▶ _Collected data entries_:
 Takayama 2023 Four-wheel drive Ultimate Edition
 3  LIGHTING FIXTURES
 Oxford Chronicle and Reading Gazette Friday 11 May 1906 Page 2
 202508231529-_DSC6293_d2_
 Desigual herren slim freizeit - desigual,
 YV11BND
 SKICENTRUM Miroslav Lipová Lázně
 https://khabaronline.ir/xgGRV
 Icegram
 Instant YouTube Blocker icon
* * *
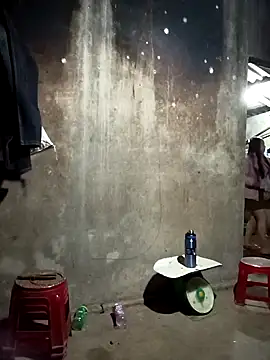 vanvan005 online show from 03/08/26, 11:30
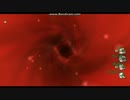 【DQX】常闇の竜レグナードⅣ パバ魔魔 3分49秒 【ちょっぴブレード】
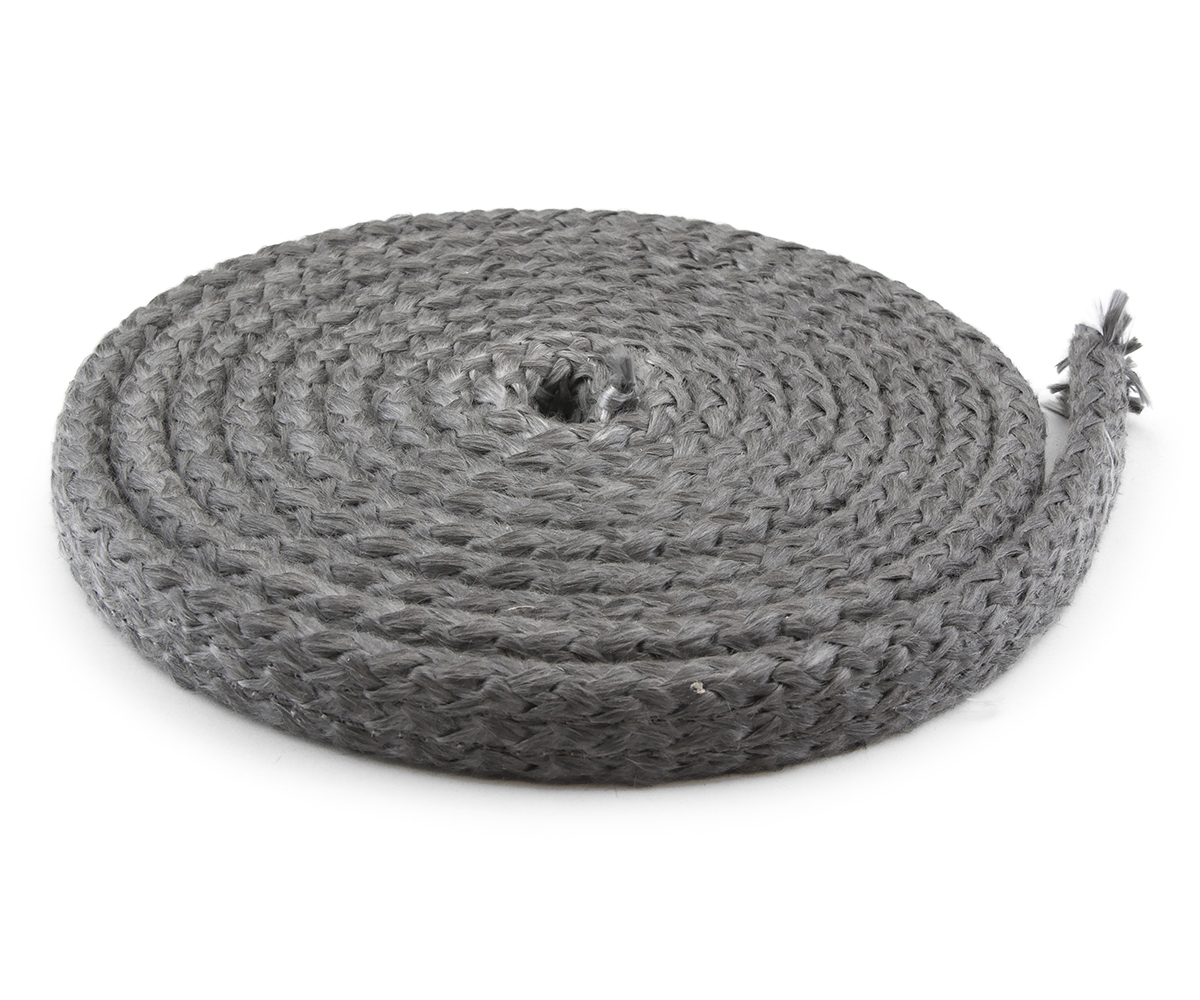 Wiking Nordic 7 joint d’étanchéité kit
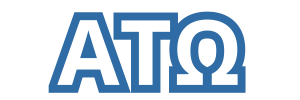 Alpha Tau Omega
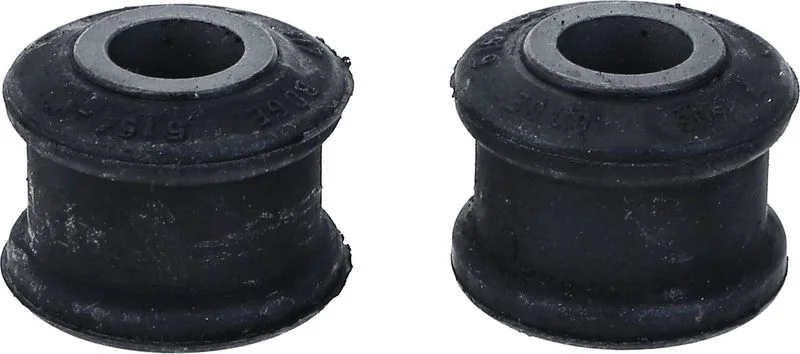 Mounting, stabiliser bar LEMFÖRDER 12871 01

▶ _Problem details_:
All lines above from the one holding "Desigual herren slim" to the one holding "Instant YouTube Blocker icon", inclusive, are to be copied exactly; no other line is wanted.

▶ _Output for this exercise_:
 Desigual herren slim freizeit - desigual,
 YV11BND
 SKICENTRUM Miroslav Lipová Lázně
 https://khabaronline.ir/xgGRV
 Icegram
 Instant YouTube Blocker icon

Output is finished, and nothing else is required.